On 29th March 2019, Xi Jinping went to Paris to see Emmanuel Macron, President of the French Government, Angela Merkel of Germany, and Jean-Claude Juncker of the European Commission. The motive was clear, to further the deal for an investment treaty that had been hanging for a long time and to talk about a European policy paper that had described China as a “systematic rival”. But Jinping’s main goal was to project a China, unafraid to assert its interest. It failed dramatically as a few weeks later France sent a warship through the Taiwan Strait.
During the meeting, Merkel leaned on diplomatic language to describe the policy paper and said, ‘The language showed Europe recognized China’s growing strength and influence.’ Juncker joked about the EU’s inability to agree to what China really was but Macron was insensitive to Jinping’s feelings. He said, ‘It’s true, you are a rival’.
This excerpt gradually found itself in the way China under Jinping was dealt with by Germany, the EU, and France.
The United Kingdom and France have chipped away at Huawei’s ability to compete in Europe, and although Germany remains cautious, there are more and more intense debates out there about Europe’s reliance on China. This summer, the EU countries unanimously supported sanctions, a move that was once unimaginable, after Beijing had limited the freedoms of Hong Kong.
Ms Merkel of Germany remains dedicated to communicating with Jinping, European officials said. She has been the EU’s key force to complete an investment deal that would further bind the Chinese economy of Europe and is pushing to cement an agreement before a new U.S. president takes office. Still, in Germany, which has 5,200 companies operating in China, concern about China’s market power is increasing. And some EU legislators threaten to obstruct the pact’s approval when it hits them.
The EU’s ambassador in Beijing, Nicolas Chapuis, said at a Beijing energy forum earlier this month, “What happened during the last year…is a massive disruption or reduction in support in Europe, and elsewhere in the world, about China, And I’m telling that to all my Chinese friends, you need to seriously look at it.”
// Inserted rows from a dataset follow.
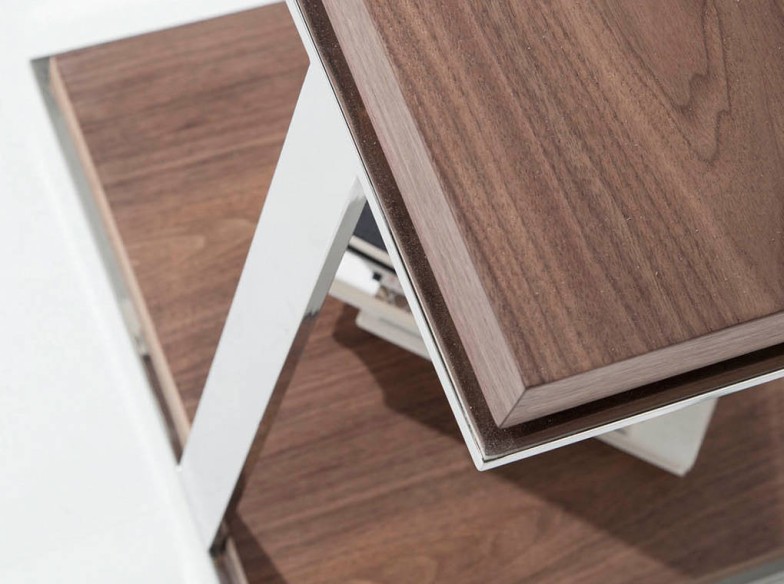 Mesa rincón cuadrada nogal y acero cromado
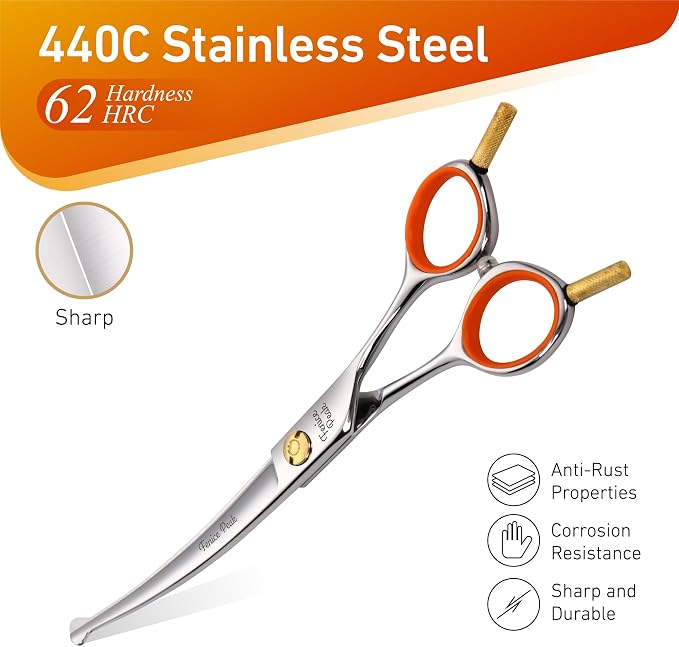 6'' Small Curved Scissors Lightweight Dog and Cat Grooming Scissors with Safety Round Tip JP440C Stainless Steel Sharp Blades for Body Facial Nose Ear and Paw Hair Easy Use
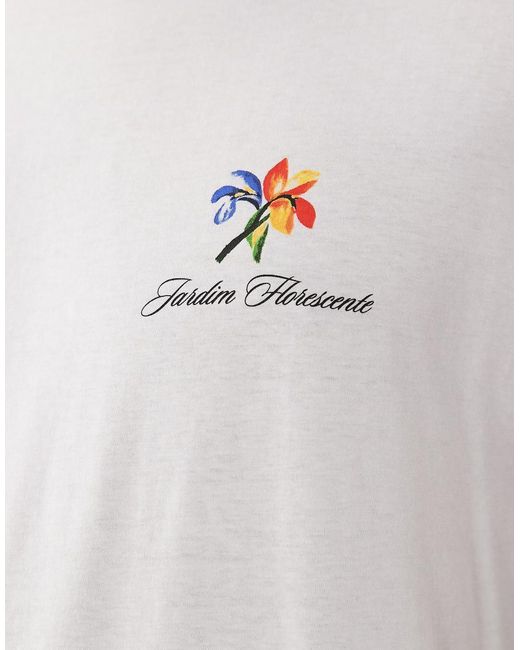 Only & Sons White Oversized T-shirt With Lisboa Floral Back Print for men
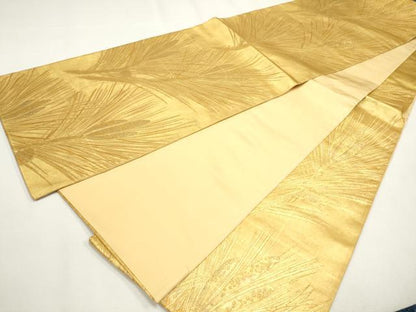平和屋着物●六通柄袋帯 枝松葉文 金糸 引箔 逸品 CAAI9119hy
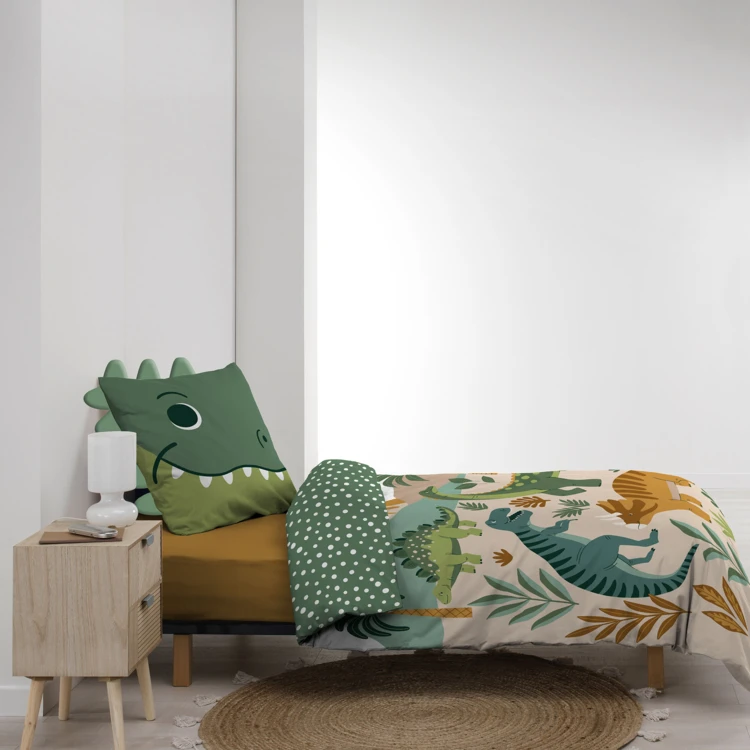 2-teiliges Kinderbettwäscheset aus 100 % Baumwolle mit Dinosaurier-Motiv: Bettbezug + Kissenbezug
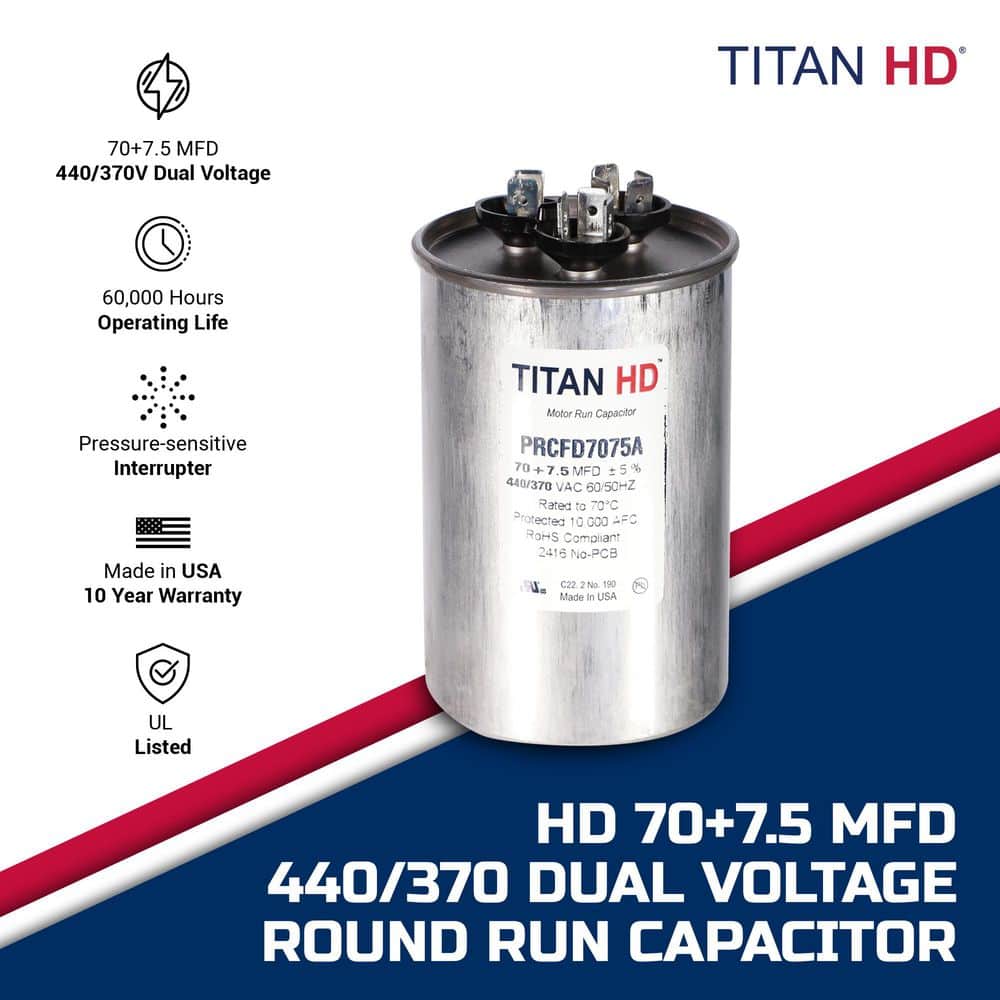 TITAN HD 70 Plus 7.5 MFD, 440-Volt/370-Volt Dual Voltage Round Run Capacitor (3)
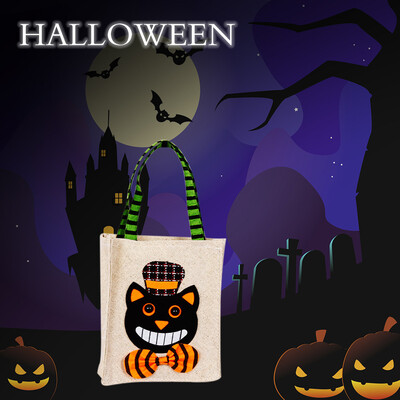 

〖Follure〗Pumpkin Lantern Canvas Tote Bag Women Large Shopper Carry Pouch Halloween Gifts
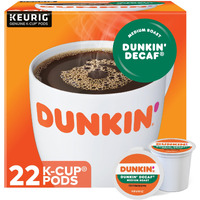 Dunkin' Decaf Medium Roast Coffee, 22 Keurig K-Cup Pods
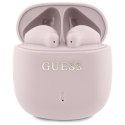 Guess Printed Classic Logo - Słuchawki Bluetooth TWS + etui ładujące (różowy)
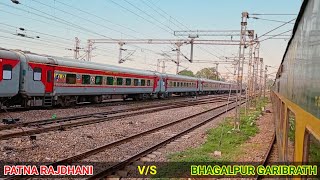 Train Race || Patna Rajdhani Parallel Overtake to Bhagalpur Garibrath at Sahibabad Jn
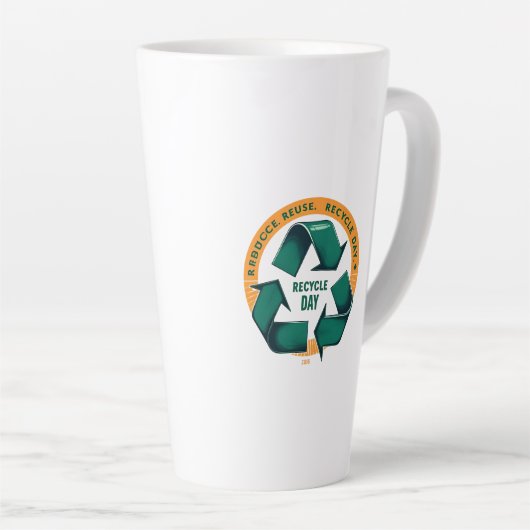 Reduce Reuse Recycle Eco Tee Latte Mok (Rechterhoek)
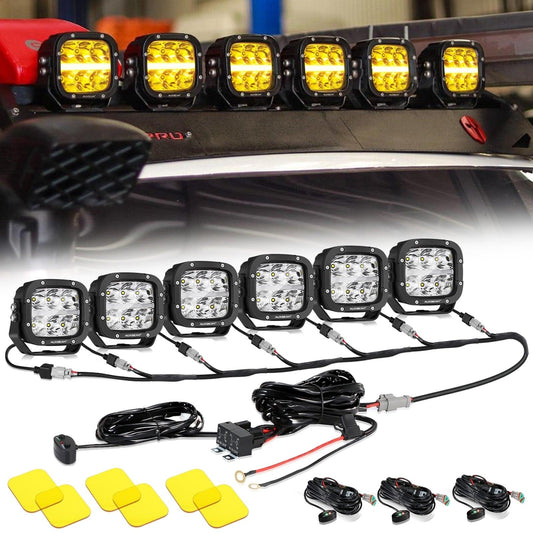 Auxbeam 6/8Pcs 5 Inch 132W Amber DRL LED Pod Lights with Power Harness - GP00011297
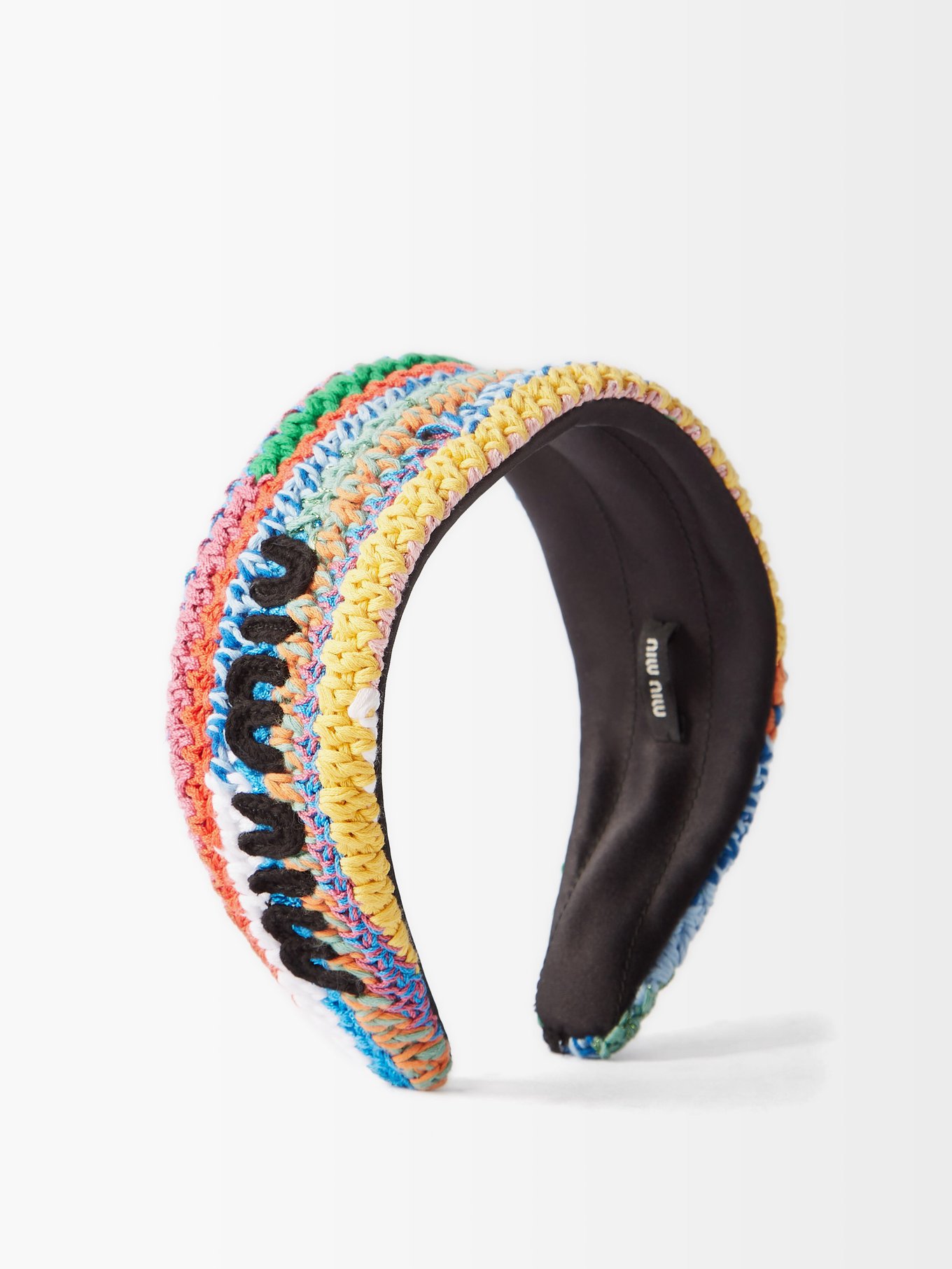 Logo-embroidered crochet headband | Miu Miu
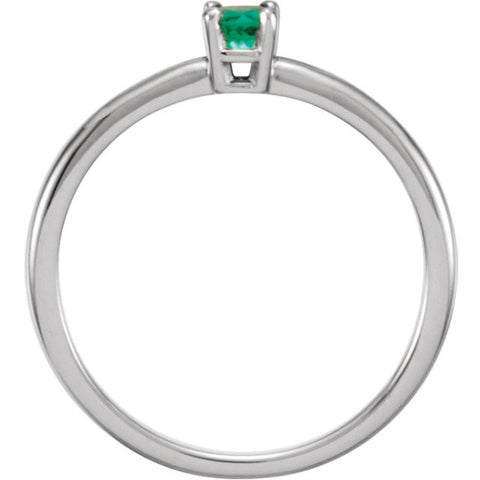 14k White Gold Chatham® Created Emerald "May" Birthstone Ring, Size 3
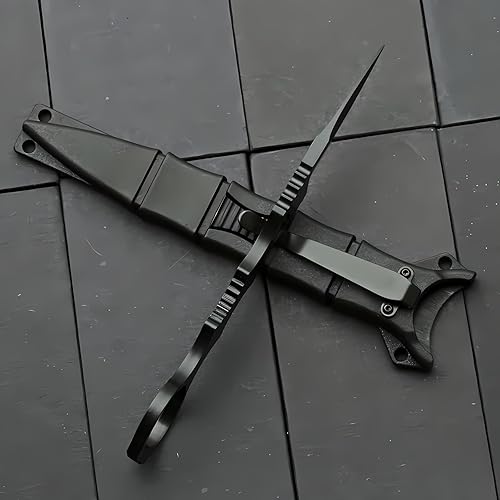 Miniatura 4 de Portable Knife 6.7 Inch 440C Fixed Blade Outdoor Camping Tactics Straight Knife With Kydex Sheath The Knife Comes In Black And White (Black)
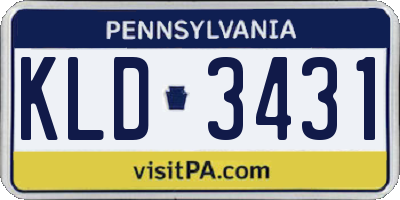 PA license plate KLD3431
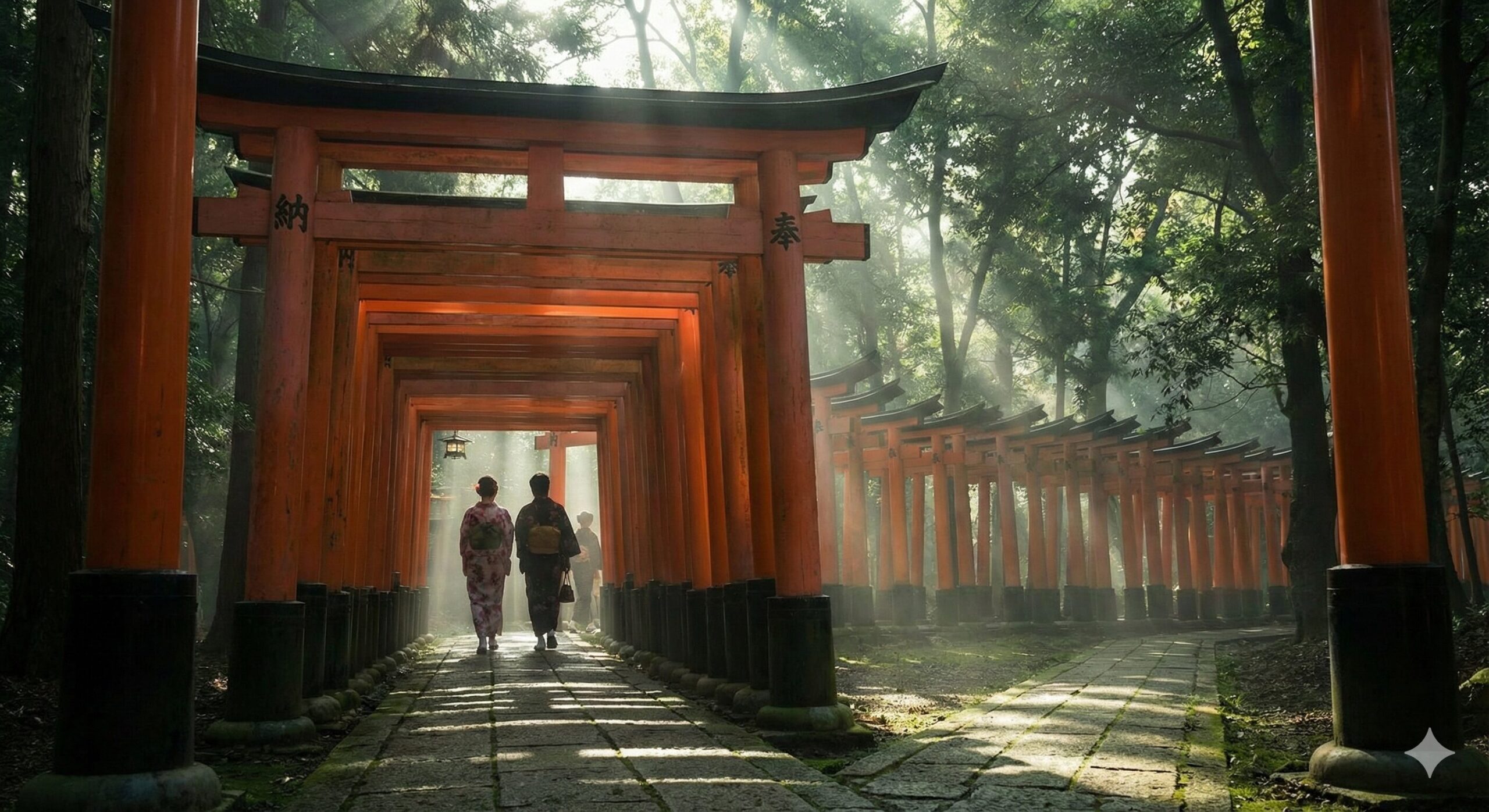 伏見稲荷大社の千本鳥居を通り抜ける参拝者。朱色の鳥居が連なる幻想的な回廊。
The Jinping government had said that Beijing’s negative views are a concern predominantly in Western countries, and Washington has stoked them. One senior official from the Foreign Ministry said that many Chinese diplomats feel committed to an increasingly self-confident back home population and a leadership that wants to demonstrate the rising stature of China, even at the risk of antagonizing foreign officials.
Most European leaders, earlier in Jinping’s tenure, saw China primarily as an opportunity, a vast market whose rising stature could help balance U.S. supremacy. But Since, backlashes have erupted across the continent, especially in smaller countries such as the Czech Republic and Sweden, where Chinese diplomats’ heavy-handed acts have fuelled anger, and among business leaders who worry about unfair competition with Chinese businesses.
Mr Juncker worked behind the scenes to lift the confidence of politicians, while he was the President of the European Commission. Moreover, Australian diplomats, who in a little-known attempt to help similar ones in Washington, have crisscrossed Europe linking opponents of China to counterparts in smaller nations.
This has placed greater pressure on the bigger powers of Europe, including Germany, to stand up for the interests of the continent even though it threatens to blow up from Jinping’s China.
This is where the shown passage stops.